To make it simple (and actually, directly relevant to what I am working on): what impact does winding tightness have on transformer performance? Lets assume typical laminated EI / EE 60hz transformer, operating at 60hz, within the maximum flux density of the core material.
I suppose this is also a good way to illuminate the oft-mentioned qualitative idea of the "flux capturing" effect of a high permeability core versus air. If most of the flux is in that core, then who cares if there is a little more air, right? But...imagining that holding as "loosely wound" approached infinite diameter seems..shaky.
For instance, so I have a transformer where the primary is wound tight on the core, and another, where the primary is the diameter of the solar system, and because they both encircle the same flux in that core, there is no change in performance? That can't be, right?
So I am imagining leakage inductance probably increases.
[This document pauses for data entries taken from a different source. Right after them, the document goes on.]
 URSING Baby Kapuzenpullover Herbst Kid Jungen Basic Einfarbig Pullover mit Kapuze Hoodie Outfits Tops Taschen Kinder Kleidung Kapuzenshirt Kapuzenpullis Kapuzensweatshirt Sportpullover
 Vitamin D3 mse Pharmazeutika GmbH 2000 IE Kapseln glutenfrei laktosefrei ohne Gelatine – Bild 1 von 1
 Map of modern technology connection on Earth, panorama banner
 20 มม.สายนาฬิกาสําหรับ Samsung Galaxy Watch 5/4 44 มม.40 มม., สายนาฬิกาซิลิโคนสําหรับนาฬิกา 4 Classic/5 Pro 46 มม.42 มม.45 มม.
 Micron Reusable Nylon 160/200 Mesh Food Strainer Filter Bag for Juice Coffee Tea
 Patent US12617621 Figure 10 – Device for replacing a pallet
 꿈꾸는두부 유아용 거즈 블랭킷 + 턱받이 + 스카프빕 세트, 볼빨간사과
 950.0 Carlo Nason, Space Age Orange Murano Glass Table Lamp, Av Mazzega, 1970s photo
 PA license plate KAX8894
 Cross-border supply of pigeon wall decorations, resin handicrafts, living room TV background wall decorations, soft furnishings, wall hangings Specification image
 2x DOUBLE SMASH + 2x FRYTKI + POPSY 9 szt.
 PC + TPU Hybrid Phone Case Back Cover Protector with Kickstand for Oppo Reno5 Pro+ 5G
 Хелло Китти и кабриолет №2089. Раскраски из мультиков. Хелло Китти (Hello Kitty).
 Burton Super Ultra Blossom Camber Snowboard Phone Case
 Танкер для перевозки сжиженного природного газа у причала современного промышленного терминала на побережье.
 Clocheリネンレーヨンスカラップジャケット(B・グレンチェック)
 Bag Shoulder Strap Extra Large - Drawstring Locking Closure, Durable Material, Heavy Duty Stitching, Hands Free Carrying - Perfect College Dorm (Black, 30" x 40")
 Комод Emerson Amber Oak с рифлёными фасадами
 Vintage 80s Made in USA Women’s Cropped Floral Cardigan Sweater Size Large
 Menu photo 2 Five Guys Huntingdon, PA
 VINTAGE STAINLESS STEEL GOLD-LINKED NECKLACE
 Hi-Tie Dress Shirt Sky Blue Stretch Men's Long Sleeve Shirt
But, physically, why that is (mental model), doesn't seem to be sinking in. Is it simply because the more air there is inside the turns, the more paths there are for the magnetic circuit? And its as simple as that? I'm imagining actually calculating the flux in the air part of the circuit is probably not trivial, but is that the mental model?
What would be really handy is an engineering type mental model explanation, and then maybe a little mention of why Maxwells equation makes it so.
EDIT: I just realized that the "air part of the circuit" is a little ambiguous. What I mean is, as the additional area inside the turn which is not the core containing the transformer/mutual inductance flux goes up, the ability of that turn to store energy goes up (air core inductor)..i.e. leakage inductance.
Separately is the question of increased mutual inductance, i.e. transformer action through the air, but lets pretend that the secondary winding is always wound tight..for the moment. (or compare/contrast wound tight or also increasing)